Sanz Montes revendique son héritage

Le 90e anniversaire a également donné l’occasion de rappeler publiquement son héritage. L’archevêque d’Oviedo, Mgr Jesús Sanz Montes, consacre sa lettre hebdomadaire à l’ancien président de la Conférence épiscopale, mettant particulièrement en lumière une facette qui a accompagné toute sa trajectoire : sa formation intellectuelle comme canoniste et théologien.

Sanz Montes définit cette base académique comme fondamentale pour comprendre ensuite son action de pasteur et soutient que « l’œuvre monumentale de Rouco Varela ne peut être comprise ni évaluée à sa juste mesure sans tenir compte d’abord de sa profonde solidité intellectuelle ».

L’archevêque d’Oviedo rappelle également les critiques reçues par Rouco durant les années de plus grande exposition publique et souligne que certains ont présenté sa « fermeté doctrinale comme une prétendue rigidité autoritaire » et sa fidélité à Rome comme de l’immobilisme.

L’anniversaire a en outre un précédent significatif. Lorsque Rouco a fêté ses 80 ans et 40 ans d’épiscopat, en 2016, il a célébré une eucharistie d’action de grâce à Madrid. Il a alors interprété ces deux anniversaires dans une perspective éloignée de tout bilan purement personnel : derrière ces chiffres, a-t-il dit, se cachait « un torrent immérité de miséricorde, de pardon et de grâce ».
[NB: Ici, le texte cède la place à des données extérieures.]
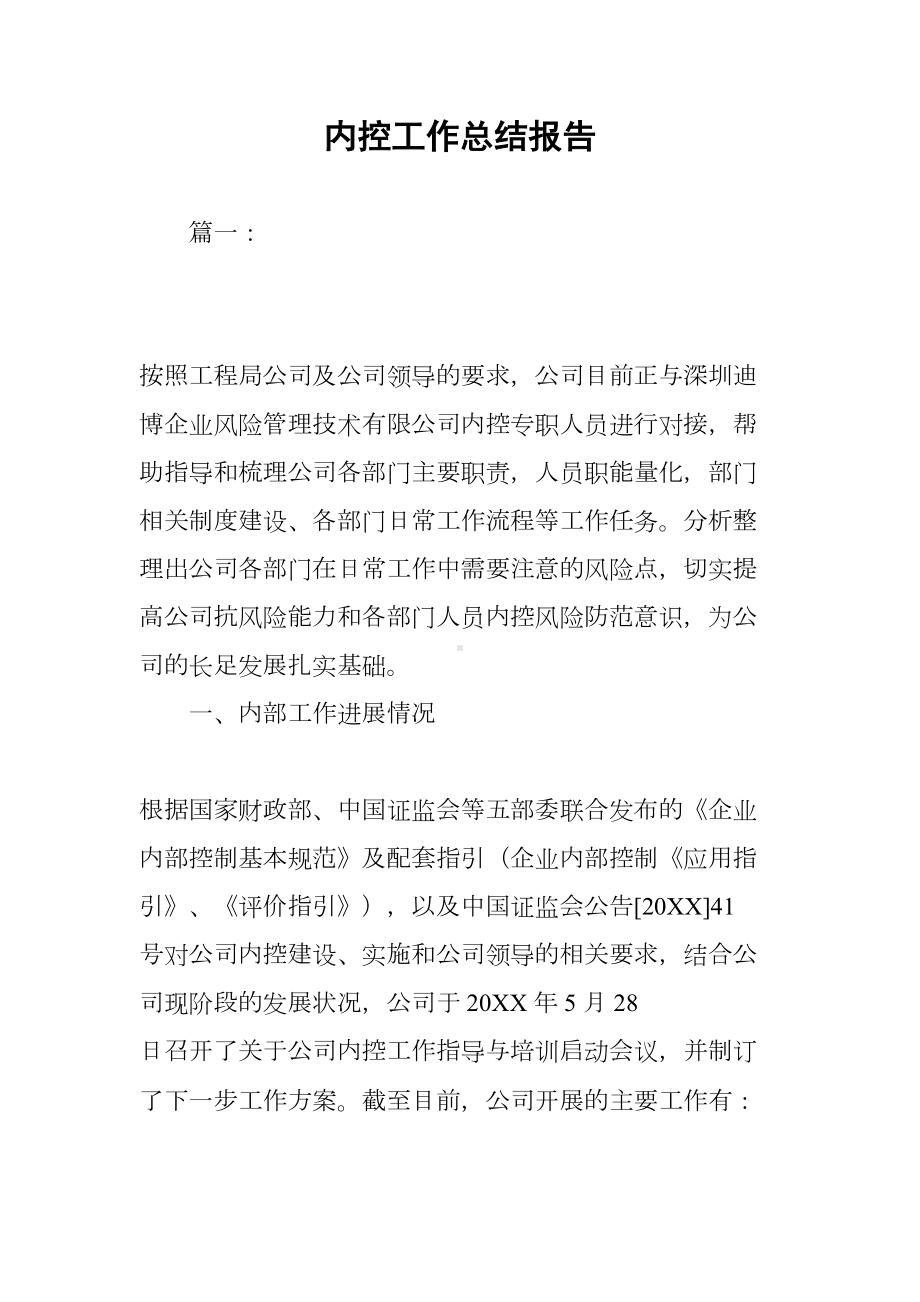 内控工作总结报告(DOC 26页).docx_第1页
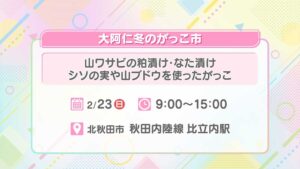 大阿仁冬のがっこ市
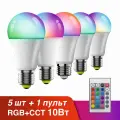Умная LED лампочка E27/RGB/10W/Wi-Fi/Bluetooth + пульт ДУ, с Яндекс Алисой, Марусей, Google Home, 5шт. VER-A0028-5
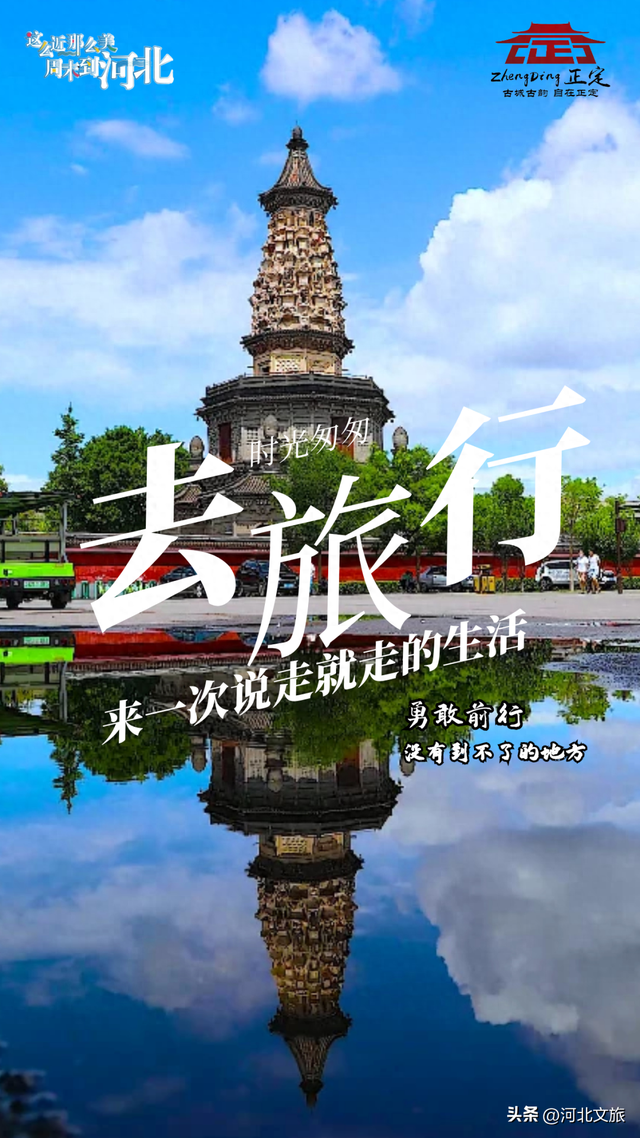 来一场说走就走的旅行！人少景美，在河北这里邂逅千年古韵与自在时光~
Dix ans plus tard, les chiffres coïncident à nouveau. Quatre-vingt-dix ans de vie et, le 31 octobre prochain, un demi-siècle d’épiscopat pour un cardinal dont la trajectoire s’étend de Paul VI à Léon XIV et qui a été pendant des décennies au centre des principales décisions, débats et événements de l’Église espagnole.